What to produce -
Set down every line of the data exactly, skipping the pictures.

Data excerpt Start Marker

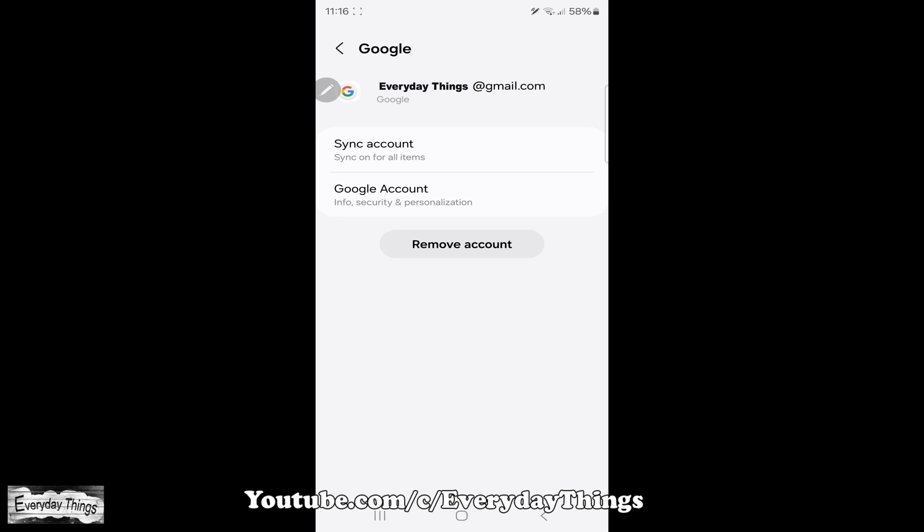Note, the only way to sign out of the Google account is to remove your entire account from your phone or tablet.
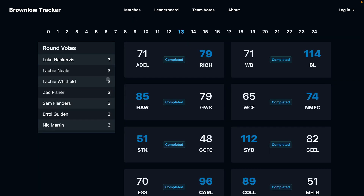By registering for free you'll also get access to the crowd votes. Crowd votes let you know how other people on the site are assigning votes for each game. In your round votes leaderboard you'll see a summary showing how other people on the site have voted and it will give you the average votes — for example, Lachie Neal might have 2.5 average votes across all voters on the site.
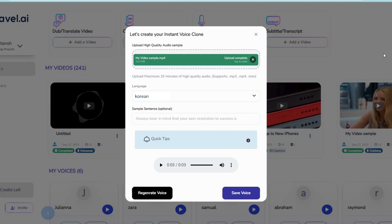Wait a few seconds, then play the clone voice. If you are not satisfied, click on Regenerate Voice.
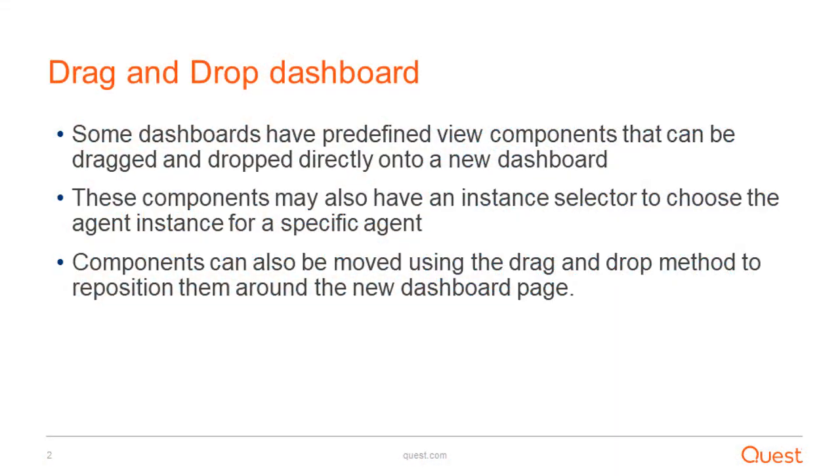Some dashboards have predefined view components that can be dragged and dropped directly onto a new dashboard. These components may also have an instance selector to choose the agent instance for a specific agent. Components can also be moved around using a drag and drop method to reposition them around the new dashboard page.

Data excerpt End Marker

Response for this exercise -
Note, the only way to sign out of the Google account is to remove your entire account from your phone or tablet.
By registering for free you'll also get access to the crowd votes. Crowd votes let you know how other people on the site are assigning votes for each game. In your round votes leaderboard you'll see a summary showing how other people on the site have voted and it will give you the average votes — for example, Lachie Neal might have 2.5 average votes across all voters on the site.
Wait a few seconds, then play the clone voice. If you are not satisfied, click on Regenerate Voice.
Some dashboards have predefined view components that can be dragged and dropped directly onto a new dashboard. These components may also have an instance selector to choose the agent instance for a specific agent. Components can also be moved around using a drag and drop method to reposition them around the new dashboard page.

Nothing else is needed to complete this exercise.